## Flight Booking Data Exploration


In [None]:
# Overall TODO list:
# The general process of named entity recognition is as follows:
## - Use high precision rules to extract unambigous entities e.g. 
## - Use application specific name lists such as airlines, cities etc.
## - Finally apply probabalistic models such as CRFs, HMMs etc.

In [588]:
import numpy as np
import pandas as pd
import nltk
import matplotlib.pyplot as plt
import random, datetime

In [589]:
# flights dataset
df = pd.read_csv('flightdata.txt', sep='/n', header=None)
df.columns = ['sentence']
df.head()

  


Unnamed: 0,sentence
0,Show me the cheapest flights from Raipur to Ra...
1,Book a flight to Patna on 17 May 2018 or 18 Ma...
2,"Book a flight to Imphal on May 14, 2018 or May..."
3,I want to check availability on SpiceJet on Ma...
4,Any flights between Calicut and Gaya on 15 May...


In [590]:
# sample sentences
df.sample(frac=0.05)['sentence']

4413    Any flights between Nagpur and Pune on May 18,...
3516    Book a flight from Bhubaneswar on 17 May 2018 ...
954     Show me the cheapest flights from Pune to Raip...
548     Show me the cheapest flights from Bengaluru to...
771     Book a flight from Imphal on 27 May after 17 h...
3549    I want to check availability on Air India on M...
1616    Any flights between Nagpur and Shillong on 04 ...
49      Book a flight to Aizawl on 04 June or 05 June ...
2463    Book a flight from Patna on May 05, 2018 after...
659     Can you please show me flights from Visakhapat...
2179    Book a flight to Guwahati on May 20, 2018 or M...
1218    Show me the cheapest flights from Patna to Guw...
4613    Show me the cheapest flights from Patna to Shi...
645     Book a flight to Gaya on May 17, 2018 or May 1...
2419    Book a flight to Diu on May 27, 2018 or May 28...
3184    Please help me in booking flight from Guwahati...
3512    Show me the cheapest flights from New Delhi to...
4264    I want

## Broad Approach

The objective is to write a program which takes in a sentence as input and converts it into a semi-stuctured/structured format (such as a dict) containing fields such as from_destination, to_destination, date_of_travel, airline_type etc.

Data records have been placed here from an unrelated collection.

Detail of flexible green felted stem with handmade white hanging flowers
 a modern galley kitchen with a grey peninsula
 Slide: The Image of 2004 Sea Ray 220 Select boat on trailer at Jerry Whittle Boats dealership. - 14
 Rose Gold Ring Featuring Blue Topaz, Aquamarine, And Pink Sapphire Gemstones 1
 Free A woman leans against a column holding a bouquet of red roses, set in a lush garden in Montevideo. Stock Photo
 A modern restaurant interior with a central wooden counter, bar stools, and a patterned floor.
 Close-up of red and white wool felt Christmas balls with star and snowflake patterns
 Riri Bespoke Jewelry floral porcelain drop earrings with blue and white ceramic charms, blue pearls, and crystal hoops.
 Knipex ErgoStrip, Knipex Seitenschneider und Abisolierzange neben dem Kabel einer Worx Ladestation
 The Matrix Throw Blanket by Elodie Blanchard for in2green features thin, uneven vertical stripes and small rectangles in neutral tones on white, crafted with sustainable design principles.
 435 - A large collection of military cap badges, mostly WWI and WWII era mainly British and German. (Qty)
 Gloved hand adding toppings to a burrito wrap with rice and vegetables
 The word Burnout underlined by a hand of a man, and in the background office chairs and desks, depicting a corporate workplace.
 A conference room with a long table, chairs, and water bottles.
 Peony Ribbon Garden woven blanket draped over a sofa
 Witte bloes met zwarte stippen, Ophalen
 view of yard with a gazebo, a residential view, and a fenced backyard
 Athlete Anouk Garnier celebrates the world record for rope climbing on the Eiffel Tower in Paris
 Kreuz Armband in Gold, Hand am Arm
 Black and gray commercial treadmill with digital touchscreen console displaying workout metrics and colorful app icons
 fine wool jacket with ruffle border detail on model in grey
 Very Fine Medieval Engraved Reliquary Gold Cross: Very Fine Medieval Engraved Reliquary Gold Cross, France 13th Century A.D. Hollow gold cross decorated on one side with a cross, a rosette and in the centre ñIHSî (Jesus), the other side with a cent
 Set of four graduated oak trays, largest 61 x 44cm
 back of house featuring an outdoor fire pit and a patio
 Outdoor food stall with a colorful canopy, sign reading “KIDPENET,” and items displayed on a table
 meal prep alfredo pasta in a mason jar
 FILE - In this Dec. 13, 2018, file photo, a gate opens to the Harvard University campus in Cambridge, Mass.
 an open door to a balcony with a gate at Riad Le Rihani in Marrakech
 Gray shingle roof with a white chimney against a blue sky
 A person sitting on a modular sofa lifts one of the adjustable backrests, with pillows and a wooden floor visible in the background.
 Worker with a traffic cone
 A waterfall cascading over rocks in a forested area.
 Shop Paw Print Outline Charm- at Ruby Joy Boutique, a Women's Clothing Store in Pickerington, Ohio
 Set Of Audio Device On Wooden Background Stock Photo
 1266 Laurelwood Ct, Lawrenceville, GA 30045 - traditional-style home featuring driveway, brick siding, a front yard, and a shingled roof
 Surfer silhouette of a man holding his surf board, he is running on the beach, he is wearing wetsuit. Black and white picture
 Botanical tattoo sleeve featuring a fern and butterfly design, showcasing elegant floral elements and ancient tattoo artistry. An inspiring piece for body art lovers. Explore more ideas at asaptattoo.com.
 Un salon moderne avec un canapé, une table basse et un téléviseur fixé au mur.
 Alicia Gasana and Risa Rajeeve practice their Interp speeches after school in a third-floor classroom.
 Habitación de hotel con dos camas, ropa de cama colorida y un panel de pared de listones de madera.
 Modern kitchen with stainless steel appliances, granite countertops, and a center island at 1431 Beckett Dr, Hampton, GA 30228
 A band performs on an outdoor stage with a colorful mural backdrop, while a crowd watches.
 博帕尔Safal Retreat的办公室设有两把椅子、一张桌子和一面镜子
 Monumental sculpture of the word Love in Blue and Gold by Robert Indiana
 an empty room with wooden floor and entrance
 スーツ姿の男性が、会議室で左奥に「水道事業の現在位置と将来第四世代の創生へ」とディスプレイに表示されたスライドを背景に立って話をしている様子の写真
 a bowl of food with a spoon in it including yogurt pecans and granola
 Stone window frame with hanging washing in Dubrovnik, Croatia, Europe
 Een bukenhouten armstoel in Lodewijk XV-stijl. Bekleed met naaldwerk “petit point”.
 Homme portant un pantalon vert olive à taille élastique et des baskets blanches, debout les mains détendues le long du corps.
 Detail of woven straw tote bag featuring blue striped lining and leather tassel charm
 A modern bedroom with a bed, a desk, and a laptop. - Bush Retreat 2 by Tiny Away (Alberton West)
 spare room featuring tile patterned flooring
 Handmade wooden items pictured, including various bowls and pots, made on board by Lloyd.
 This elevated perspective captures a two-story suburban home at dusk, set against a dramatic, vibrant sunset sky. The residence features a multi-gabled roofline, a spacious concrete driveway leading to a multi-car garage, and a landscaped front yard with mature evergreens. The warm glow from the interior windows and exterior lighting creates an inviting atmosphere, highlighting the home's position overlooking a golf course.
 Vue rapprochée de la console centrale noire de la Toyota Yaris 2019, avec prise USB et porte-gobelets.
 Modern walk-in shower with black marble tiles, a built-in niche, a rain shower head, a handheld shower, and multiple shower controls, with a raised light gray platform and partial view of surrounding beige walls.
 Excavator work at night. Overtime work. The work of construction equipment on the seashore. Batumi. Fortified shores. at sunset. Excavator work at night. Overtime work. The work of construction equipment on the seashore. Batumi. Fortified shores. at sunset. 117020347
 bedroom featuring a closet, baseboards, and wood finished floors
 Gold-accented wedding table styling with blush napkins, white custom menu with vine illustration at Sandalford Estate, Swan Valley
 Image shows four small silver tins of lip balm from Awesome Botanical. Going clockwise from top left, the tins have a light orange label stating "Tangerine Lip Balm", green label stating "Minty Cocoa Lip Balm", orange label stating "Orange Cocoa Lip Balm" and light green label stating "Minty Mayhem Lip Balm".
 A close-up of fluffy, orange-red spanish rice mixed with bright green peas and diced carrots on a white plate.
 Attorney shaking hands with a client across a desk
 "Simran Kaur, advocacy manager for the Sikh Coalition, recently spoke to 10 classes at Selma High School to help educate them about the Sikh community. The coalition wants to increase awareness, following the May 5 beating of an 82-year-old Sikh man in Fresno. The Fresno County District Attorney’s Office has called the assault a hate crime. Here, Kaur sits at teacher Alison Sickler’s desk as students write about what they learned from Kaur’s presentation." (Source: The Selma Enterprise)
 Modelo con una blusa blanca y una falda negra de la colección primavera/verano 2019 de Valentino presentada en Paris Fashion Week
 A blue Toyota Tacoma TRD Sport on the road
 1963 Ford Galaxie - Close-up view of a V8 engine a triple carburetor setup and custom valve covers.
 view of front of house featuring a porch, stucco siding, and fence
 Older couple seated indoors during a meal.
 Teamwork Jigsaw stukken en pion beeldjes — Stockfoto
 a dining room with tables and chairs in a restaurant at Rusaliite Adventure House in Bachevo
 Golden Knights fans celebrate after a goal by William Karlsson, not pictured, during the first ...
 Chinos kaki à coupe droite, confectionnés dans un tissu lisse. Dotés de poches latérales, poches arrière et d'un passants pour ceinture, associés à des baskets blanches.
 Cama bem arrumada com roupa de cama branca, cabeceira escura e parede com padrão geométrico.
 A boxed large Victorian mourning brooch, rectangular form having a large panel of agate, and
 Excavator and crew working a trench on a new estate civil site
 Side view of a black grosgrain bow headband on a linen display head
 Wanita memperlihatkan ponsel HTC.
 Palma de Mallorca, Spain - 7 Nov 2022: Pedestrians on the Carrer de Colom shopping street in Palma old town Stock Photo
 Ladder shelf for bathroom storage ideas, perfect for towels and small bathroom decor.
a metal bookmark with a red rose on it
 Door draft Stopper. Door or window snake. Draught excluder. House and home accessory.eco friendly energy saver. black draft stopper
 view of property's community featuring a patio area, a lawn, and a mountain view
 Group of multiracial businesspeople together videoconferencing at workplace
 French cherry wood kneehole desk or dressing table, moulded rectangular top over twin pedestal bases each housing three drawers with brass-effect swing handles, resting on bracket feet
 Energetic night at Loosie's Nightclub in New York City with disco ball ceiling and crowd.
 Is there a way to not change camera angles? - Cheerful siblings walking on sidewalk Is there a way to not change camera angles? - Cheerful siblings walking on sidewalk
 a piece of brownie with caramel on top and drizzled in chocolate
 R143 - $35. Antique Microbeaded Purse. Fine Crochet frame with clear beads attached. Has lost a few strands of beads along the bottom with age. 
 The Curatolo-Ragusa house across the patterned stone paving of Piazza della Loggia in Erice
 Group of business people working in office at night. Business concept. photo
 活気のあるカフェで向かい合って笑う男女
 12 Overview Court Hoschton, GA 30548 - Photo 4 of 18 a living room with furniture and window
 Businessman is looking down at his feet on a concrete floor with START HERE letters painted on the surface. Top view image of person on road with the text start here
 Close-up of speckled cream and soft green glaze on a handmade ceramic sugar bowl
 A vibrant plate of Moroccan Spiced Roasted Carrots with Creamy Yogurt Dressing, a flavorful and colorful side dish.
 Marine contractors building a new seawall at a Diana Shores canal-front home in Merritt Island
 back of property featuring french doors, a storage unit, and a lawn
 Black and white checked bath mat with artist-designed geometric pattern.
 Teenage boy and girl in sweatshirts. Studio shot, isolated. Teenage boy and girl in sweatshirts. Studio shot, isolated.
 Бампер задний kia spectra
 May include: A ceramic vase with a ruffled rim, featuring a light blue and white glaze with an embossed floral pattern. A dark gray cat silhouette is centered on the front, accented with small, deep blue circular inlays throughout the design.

We'll first do two basic preprocessing tasks for each input sentence - tokenization and POS tagging. After preprocessing, we'll identify named entities such as locations (cities), dates, amount/momney, flight companies etc. Once we identify named entities, we can parse the sentence and try extracting relations between entities (from X to Y on date Z etc.).

In [591]:
# preprocessing function
def preprocess(sentence):
    words = nltk.word_tokenize(sentence)
    tagged_words = nltk.pos_tag(words)
    return tagged_words

In [593]:
# preprocessing some sample sentences
i = random.randrange(len(df.index))
tagged_sent = preprocess(df.loc[67, 'sentence'])
tagged_sent

[('Show', 'VB'),
 ('me', 'PRP'),
 ('the', 'DT'),
 ('cheapest', 'JJS'),
 ('flights', 'NNS'),
 ('from', 'IN'),
 ('Pune', 'NNP'),
 ('to', 'TO'),
 ('Bengaluru', 'VB'),
 ('on', 'IN'),
 ('June', 'NNP'),
 ('03', 'CD'),
 (',', ','),
 ('2018', 'CD'),
 ('.', '.')]

In [530]:
# example sentence tagging city_2 as VB
# i = 67

In [594]:
# printing in string format
' '.join(['{0}/{1}'.format(s[0], s[1]) for s in tagged_sent])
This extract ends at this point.